Mò shì lù Film singapouro-taïwano-français de Siew Hua Yeo (2024), avec Chien-Ho Wu, Lee Kang-sheng, Vera Chen, Mila Troncoso, Anicca Panna, Xenia Tan, Pete Teo, Maryanne Ng-Yew… 2h04. Sortie le 25 juin 2025.
Lee Kang-sheng
Voici un film qu’on regarde, mais aussi dont les protagonistes s’observent et se surveillent dans une sorte de ronde infernale dont personne ne sort vraiment indemne, surtout pas le spectateur pris au piège d’un procédé qui le prend à témoin de ce qu’il voit, comme s’il en était un élément à part entière. L’action se déroule à Singapour, un état asiatique qui a érigé la vidéo-surveillance en dogme absolu dans une dérive sans issue héritée du fameux Big Brother décrit par l’écrivain George Orwell dans “1984”. C’est dans ce cadre particulier qu’un couple dont la fille a disparu depuis un an décèle la présence d’un voyeur moins pervers qu’il ne pourrait y paraître de prime abord. Une réflexion intelligente sur le regard dans une société hantée par les caméras de surveillance qui fait dire à un flic que la police se contente désormais de visionner les scènes les plus anodines qui s’offrent à elle pour élucider les affaires les plus troubles. Comme une mise en abyme de l’obsolescence programmée de la vidéo… Une réflexion lourde de sens affirme au début que “ quand ils les emmènent au square, les parents ne surveillent vraiment que leurs propres enfants ”. Et il est vrai que le couple auquel s’attache ce film vit avec la culpabilité de ce moment d’égarement qui a abouti à la plus cruelle des douleurs : la disparition d’un enfant que toute absence de cadavre contribuera à parer d’un doute tant que son corps n’aura pas été retrouvé et identifié.
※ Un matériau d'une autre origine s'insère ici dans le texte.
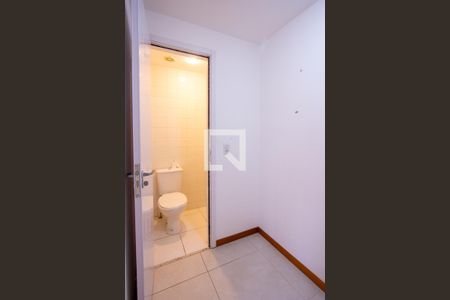 Apartamento para alugar com 100m², 2 quartos e 1 vagaQuarto de Serviço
Dès lors, ce thriller psychologique tisse sa toile pour nous emprisonner dans une sorte de spirale implacable qui puise parmi des sentiments universels sans chercher en aucun cas à prendre des gants ou à nous ménager outre mesure.
Mila Troncoso
Sous le prétexte d’une disparition suspecte comme il en arrive quotidiennement partout sur la planète, Stranger Eyes propose une réflexion sur l’insoutenable légèreté de l’être d’où affleure le poids de la culpabilité. Avec ce comble que symbolise dans une société sous surveillance institutionnalisée la présence d’un voyeur, c’est-à-dire en quelque sorte un individu qui reprend à son compte la doctrine étatique supposée anticiper la délinquance et les moindres incivilités pour mieux les éradiquer, selon ce bon vieux principe totalitaire dont Minority Report, le projet de Kubrick mené à bien par Spielberg, dénonçait les excès. Stranger Eyes adopte d’ailleurs dans son dernier tiers une posture audacieuse qui consiste à dissiper le mystère pour se demander à quel point la fin justifie les moyens. Dès lors, le film en cache un autre en confrontant à distance deux personnages dont les existences sont liées. Lauréat du Léopard d’or à Locarno dès son deuxième long métrage, Les étendues imaginaires (2018), le quadragénaire Siew Hua Yeo tire de cet argument une parabole déchirante sur les liens du sang et cette mince frontière séparant parfois la vie d’un destin qui représente l’aboutissement de dix ans de réflexion. Avec cette méditation sous-jacente sur ce qui relève de l’acquis et ce qu’on doit à l’inné, mais aussi ce paradoxe selon lequel, même dans une société sous haute surveillance, les individus ressentent le besoin de se donner en pâture sur les réseaux sociaux, quitte à renforcer leur dépendance viscérale aux images et à s’exposer à tous les dangers dans un sursaut de narcissisme paradoxal. Un propos actuel qui atteint son paroxysme quand l’un des personnages se met à scruter son propre appartement avec une paire de jumelles et y distingue une intruse qui pourrait bien être… elle-même. Là, le voyeurisme touche à la folie et entraîne le film dans une dimension antonionienne où tout deviendra possible. À commencer par le pire.